═════ RECORDS SUPPLIED
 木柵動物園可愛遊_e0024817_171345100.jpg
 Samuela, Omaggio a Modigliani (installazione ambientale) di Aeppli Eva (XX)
══════════
═════ RECORDS SUPPLIED
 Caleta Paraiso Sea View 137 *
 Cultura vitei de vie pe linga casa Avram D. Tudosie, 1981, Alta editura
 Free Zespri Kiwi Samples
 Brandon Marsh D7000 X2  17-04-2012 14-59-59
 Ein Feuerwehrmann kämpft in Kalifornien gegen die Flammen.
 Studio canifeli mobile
══════════
═════ RECORDS SUPPLIED
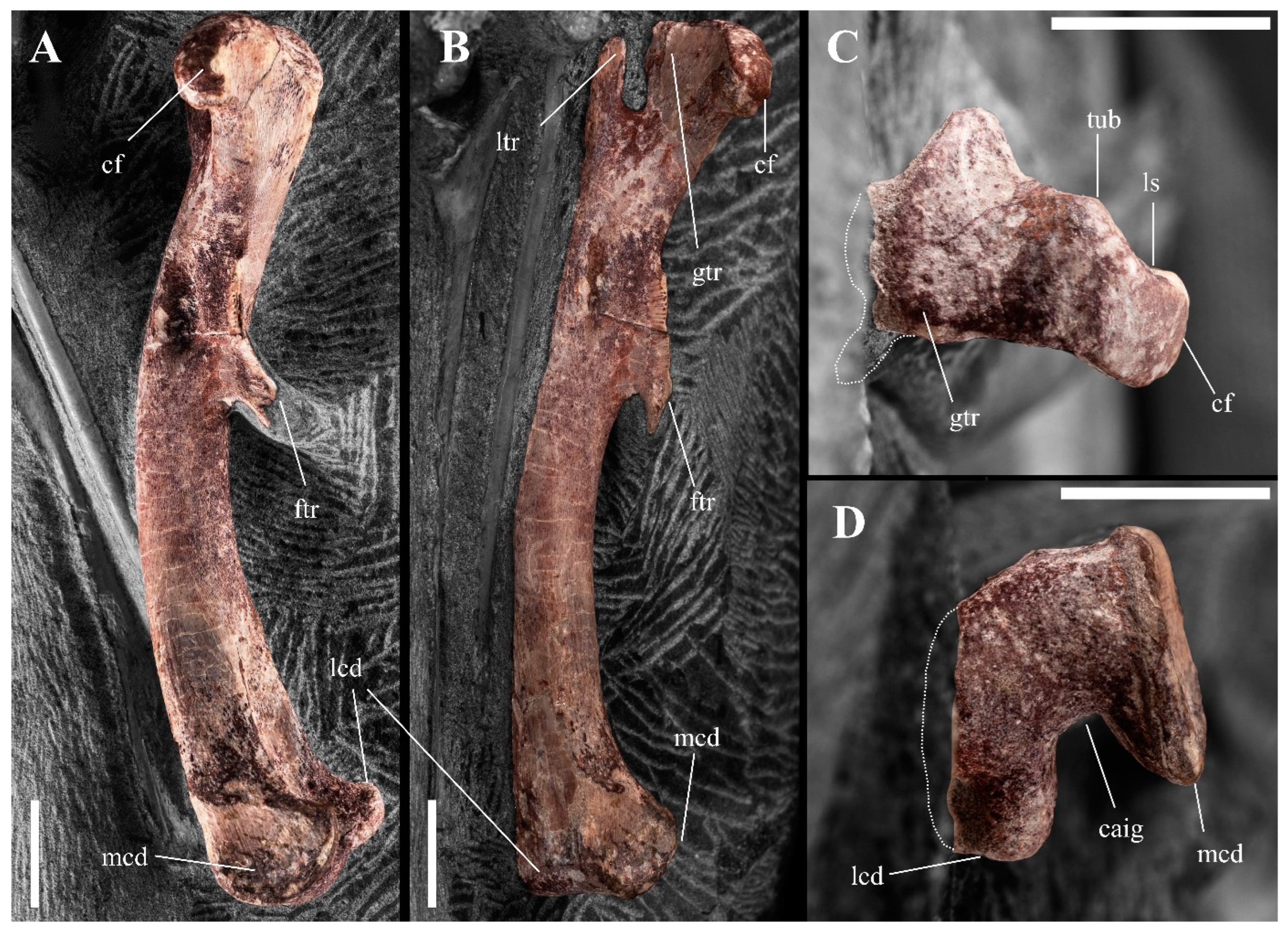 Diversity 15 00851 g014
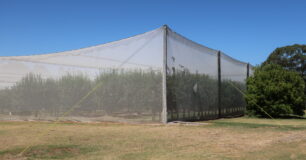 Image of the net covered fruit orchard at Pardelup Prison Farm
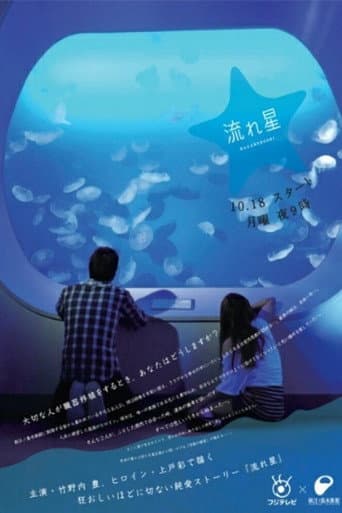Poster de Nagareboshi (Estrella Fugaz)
══════════
WHAT NEEDS TO BE DONE — Out of the entries above, write out only the lines between the line holding "Cultura vitei de" and the line holding "Studio canifeli mobile", inclusive, each exactly as given.

RESULT OF THIS TASK —
 Cultura vitei de vie pe linga casa Avram D. Tudosie, 1981, Alta editura
 Free Zespri Kiwi Samples
 Brandon Marsh D7000 X2  17-04-2012 14-59-59
 Ein Feuerwehrmann kämpft in Kalifornien gegen die Flammen.
 Studio canifeli mobile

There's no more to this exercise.